From the entries below, transcribe exactly the lines between the line holding "9223 172 AV" and the line holding "New Balance Zapatillas Beige y Gris", inclusive; skip all other lines.

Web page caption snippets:
=======
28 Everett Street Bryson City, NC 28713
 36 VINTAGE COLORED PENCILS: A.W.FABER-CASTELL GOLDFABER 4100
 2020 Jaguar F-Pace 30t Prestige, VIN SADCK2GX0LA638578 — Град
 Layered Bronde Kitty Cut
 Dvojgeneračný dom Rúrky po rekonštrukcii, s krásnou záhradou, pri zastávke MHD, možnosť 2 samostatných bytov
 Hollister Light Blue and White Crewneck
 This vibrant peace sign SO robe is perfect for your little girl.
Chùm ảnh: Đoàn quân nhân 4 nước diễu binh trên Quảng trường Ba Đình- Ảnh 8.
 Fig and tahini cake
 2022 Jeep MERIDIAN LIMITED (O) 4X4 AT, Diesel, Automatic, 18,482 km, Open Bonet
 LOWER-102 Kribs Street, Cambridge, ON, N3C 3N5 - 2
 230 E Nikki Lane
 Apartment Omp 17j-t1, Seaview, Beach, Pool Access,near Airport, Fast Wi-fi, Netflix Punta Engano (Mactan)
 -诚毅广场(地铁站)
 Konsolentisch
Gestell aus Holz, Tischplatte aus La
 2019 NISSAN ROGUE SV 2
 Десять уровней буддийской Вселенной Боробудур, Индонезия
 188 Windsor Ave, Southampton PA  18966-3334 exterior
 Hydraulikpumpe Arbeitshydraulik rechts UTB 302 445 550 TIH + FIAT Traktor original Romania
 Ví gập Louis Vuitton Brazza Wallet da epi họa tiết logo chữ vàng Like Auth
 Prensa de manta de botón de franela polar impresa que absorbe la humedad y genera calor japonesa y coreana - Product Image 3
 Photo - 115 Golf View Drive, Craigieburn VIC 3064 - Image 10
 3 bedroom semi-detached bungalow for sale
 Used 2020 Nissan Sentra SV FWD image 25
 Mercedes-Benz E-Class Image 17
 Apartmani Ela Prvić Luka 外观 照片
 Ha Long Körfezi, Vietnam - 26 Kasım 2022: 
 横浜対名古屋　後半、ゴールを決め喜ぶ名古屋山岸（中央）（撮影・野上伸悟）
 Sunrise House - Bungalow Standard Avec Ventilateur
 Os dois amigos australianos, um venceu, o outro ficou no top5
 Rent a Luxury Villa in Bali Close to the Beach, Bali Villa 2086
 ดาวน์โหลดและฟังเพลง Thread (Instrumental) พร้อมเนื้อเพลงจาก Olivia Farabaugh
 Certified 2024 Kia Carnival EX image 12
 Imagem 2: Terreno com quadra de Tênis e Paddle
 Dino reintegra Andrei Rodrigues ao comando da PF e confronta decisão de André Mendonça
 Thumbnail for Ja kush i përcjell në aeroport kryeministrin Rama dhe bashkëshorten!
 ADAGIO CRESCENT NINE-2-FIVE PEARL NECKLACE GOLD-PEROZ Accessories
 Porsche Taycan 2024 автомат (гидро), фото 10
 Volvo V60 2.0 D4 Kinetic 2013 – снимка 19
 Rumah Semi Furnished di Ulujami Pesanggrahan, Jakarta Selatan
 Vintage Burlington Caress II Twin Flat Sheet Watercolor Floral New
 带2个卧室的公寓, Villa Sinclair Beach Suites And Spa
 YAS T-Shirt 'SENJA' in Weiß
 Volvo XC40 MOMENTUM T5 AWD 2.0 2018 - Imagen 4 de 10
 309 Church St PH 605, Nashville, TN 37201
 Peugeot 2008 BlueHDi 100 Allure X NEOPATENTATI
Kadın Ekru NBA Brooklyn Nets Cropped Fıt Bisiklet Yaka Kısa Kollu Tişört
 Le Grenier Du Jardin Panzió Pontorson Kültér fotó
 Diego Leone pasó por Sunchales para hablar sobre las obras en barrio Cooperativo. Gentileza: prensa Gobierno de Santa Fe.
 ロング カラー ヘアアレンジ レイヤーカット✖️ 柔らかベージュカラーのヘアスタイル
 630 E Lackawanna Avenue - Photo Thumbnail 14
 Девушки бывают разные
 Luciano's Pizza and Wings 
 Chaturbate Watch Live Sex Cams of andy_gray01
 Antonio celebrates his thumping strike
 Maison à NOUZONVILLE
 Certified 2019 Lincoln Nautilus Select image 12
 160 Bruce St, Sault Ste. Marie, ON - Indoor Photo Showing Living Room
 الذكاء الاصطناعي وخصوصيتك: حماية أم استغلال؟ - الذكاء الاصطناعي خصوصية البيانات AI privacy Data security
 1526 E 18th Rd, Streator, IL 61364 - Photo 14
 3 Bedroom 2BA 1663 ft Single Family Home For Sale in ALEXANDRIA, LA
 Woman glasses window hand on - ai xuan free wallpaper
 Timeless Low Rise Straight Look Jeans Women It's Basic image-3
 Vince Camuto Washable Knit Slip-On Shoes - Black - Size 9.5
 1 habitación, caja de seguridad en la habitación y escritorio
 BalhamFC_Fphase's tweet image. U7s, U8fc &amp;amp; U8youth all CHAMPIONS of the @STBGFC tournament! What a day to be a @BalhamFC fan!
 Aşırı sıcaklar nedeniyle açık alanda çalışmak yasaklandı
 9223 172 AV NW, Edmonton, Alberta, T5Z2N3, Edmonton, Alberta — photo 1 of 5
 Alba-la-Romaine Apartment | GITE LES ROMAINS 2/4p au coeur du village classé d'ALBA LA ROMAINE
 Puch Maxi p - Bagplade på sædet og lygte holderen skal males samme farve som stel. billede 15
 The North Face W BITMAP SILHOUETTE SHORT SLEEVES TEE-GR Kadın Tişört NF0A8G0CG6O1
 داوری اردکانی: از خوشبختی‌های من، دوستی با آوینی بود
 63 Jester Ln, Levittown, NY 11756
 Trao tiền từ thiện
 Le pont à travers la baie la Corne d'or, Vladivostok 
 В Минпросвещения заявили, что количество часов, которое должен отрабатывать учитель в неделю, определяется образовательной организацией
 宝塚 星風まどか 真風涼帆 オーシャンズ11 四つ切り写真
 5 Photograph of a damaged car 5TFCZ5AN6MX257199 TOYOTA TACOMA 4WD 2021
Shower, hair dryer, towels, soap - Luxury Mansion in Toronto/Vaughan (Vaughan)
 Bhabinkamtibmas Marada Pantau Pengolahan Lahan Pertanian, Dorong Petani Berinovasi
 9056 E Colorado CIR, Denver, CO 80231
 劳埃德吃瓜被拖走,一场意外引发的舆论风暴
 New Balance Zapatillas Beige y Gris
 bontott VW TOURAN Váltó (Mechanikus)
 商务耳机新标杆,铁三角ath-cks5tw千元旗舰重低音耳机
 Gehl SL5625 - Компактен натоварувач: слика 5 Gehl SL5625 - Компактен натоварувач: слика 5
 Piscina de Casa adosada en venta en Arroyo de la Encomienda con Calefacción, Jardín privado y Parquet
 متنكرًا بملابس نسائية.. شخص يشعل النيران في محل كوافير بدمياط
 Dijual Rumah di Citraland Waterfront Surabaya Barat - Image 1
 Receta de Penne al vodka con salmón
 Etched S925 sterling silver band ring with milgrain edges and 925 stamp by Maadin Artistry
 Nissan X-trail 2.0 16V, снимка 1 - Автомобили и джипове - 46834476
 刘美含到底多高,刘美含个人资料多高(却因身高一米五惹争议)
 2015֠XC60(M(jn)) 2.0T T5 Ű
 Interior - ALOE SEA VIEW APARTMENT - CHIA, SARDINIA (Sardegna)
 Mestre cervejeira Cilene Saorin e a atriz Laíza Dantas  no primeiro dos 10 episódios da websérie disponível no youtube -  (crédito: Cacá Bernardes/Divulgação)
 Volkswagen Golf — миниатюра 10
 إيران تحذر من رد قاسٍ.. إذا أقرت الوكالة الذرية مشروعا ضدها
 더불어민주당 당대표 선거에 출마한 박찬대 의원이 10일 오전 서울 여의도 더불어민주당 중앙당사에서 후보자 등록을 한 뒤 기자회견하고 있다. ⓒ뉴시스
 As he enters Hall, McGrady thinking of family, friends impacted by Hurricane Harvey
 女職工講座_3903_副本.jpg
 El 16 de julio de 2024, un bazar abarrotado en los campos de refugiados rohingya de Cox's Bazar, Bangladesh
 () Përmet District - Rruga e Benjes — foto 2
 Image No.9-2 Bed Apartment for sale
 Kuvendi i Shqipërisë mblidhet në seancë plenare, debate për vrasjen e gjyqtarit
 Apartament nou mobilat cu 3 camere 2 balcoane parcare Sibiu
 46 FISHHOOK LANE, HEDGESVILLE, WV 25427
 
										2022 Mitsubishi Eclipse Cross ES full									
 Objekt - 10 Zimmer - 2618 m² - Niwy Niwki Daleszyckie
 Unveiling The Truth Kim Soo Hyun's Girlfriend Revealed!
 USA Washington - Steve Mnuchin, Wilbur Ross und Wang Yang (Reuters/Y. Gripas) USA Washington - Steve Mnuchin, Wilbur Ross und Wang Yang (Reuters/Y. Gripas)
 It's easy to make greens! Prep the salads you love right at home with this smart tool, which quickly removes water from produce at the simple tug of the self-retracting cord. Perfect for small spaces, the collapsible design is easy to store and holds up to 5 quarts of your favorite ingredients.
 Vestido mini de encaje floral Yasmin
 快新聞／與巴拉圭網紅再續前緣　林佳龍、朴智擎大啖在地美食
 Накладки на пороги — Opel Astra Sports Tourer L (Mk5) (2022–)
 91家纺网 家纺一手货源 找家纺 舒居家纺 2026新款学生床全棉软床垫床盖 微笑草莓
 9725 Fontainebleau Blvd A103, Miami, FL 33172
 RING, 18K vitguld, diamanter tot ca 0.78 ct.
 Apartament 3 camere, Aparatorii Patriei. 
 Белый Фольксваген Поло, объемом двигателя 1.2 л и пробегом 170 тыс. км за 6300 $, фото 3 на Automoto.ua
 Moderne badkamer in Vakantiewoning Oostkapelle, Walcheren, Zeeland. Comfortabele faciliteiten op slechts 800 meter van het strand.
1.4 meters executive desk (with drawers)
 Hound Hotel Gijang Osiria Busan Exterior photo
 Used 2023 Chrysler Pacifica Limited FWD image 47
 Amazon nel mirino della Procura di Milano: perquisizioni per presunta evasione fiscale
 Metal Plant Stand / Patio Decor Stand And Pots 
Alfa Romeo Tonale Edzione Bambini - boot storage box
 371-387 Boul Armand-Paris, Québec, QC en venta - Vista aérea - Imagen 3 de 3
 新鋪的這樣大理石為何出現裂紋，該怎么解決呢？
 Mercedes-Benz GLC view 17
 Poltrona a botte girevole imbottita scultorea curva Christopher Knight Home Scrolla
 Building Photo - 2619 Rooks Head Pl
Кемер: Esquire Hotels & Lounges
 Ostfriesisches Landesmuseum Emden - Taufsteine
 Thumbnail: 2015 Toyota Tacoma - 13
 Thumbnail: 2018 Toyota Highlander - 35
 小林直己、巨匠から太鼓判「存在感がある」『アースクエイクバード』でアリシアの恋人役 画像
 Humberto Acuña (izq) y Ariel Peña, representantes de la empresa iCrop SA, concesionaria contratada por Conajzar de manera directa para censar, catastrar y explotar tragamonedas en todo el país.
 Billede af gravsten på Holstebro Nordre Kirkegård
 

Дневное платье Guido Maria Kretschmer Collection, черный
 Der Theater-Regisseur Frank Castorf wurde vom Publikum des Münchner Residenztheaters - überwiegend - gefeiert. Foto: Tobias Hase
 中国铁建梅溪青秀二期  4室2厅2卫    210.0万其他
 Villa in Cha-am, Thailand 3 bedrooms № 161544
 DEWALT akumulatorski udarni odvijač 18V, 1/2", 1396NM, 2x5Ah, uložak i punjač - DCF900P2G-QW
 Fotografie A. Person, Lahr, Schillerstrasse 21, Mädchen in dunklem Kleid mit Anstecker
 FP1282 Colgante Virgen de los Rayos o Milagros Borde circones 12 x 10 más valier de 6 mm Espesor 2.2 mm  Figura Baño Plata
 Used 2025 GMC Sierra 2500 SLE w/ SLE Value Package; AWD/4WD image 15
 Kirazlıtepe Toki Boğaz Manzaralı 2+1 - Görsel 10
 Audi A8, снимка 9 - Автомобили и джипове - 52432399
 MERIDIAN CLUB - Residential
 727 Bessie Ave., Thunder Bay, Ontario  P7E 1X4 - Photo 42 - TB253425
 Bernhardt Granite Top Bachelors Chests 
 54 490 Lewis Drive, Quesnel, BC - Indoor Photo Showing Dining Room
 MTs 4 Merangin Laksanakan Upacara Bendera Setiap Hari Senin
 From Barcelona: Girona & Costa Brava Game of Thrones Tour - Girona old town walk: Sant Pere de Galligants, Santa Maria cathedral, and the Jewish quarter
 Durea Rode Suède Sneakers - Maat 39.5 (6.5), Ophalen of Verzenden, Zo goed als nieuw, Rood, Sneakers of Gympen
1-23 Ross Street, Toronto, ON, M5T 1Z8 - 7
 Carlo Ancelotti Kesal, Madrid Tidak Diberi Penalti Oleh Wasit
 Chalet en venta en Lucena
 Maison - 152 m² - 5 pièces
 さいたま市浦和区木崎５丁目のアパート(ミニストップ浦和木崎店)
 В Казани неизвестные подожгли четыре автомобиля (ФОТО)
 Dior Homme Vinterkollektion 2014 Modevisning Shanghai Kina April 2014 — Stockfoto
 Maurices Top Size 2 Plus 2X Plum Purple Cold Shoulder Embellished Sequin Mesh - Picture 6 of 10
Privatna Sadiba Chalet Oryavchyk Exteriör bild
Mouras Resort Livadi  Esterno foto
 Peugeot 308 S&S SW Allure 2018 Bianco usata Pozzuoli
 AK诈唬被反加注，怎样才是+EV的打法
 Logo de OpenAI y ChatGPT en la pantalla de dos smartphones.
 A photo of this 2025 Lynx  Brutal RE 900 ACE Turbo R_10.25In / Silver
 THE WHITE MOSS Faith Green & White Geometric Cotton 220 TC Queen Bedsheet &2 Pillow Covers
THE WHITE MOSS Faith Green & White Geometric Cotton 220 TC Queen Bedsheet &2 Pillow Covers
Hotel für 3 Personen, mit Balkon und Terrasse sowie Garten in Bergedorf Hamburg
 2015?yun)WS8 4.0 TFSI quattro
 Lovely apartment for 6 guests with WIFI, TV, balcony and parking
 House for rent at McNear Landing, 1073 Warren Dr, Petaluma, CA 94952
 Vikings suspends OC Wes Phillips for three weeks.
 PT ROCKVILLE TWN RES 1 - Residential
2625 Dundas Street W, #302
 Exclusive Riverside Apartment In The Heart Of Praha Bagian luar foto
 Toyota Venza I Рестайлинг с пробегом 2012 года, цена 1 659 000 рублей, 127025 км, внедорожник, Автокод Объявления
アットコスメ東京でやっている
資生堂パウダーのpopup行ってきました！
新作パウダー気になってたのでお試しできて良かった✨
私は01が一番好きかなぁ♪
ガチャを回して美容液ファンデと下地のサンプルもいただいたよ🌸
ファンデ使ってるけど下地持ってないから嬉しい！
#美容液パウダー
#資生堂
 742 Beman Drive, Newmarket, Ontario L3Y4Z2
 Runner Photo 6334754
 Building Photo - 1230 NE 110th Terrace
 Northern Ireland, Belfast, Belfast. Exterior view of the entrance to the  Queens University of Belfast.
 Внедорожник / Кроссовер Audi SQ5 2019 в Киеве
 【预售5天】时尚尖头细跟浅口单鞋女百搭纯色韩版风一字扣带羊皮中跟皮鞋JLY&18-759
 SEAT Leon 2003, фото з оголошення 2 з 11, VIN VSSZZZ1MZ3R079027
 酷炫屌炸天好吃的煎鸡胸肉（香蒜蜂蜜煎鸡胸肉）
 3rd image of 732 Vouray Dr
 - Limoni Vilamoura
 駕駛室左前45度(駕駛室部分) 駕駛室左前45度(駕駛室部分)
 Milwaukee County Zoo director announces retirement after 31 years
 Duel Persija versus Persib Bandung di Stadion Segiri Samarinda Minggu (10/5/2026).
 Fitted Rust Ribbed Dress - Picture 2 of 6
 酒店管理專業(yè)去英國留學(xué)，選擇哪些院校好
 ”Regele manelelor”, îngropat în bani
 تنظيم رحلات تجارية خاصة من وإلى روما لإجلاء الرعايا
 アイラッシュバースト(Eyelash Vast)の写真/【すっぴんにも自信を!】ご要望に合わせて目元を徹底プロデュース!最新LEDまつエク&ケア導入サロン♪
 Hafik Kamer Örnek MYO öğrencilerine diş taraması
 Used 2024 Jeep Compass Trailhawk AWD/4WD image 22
=======
Written solution ->
 9223 172 AV NW, Edmonton, Alberta, T5Z2N3, Edmonton, Alberta — photo 1 of 5
 Alba-la-Romaine Apartment | GITE LES ROMAINS 2/4p au coeur du village classé d'ALBA LA ROMAINE
 Puch Maxi p - Bagplade på sædet og lygte holderen skal males samme farve som stel. billede 15
 The North Face W BITMAP SILHOUETTE SHORT SLEEVES TEE-GR Kadın Tişört NF0A8G0CG6O1
 داوری اردکانی: از خوشبختی‌های من، دوستی با آوینی بود
 63 Jester Ln, Levittown, NY 11756
 Trao tiền từ thiện
 Le pont à travers la baie la Corne d'or, Vladivostok 
 В Минпросвещения заявили, что количество часов, которое должен отрабатывать учитель в неделю, определяется образовательной организацией
 宝塚 星風まどか 真風涼帆 オーシャンズ11 四つ切り写真
 5 Photograph of a damaged car 5TFCZ5AN6MX257199 TOYOTA TACOMA 4WD 2021
Shower, hair dryer, towels, soap - Luxury Mansion in Toronto/Vaughan (Vaughan)
 Bhabinkamtibmas Marada Pantau Pengolahan Lahan Pertanian, Dorong Petani Berinovasi
 9056 E Colorado CIR, Denver, CO 80231
 劳埃德吃瓜被拖走,一场意外引发的舆论风暴
 New Balance Zapatillas Beige y Gris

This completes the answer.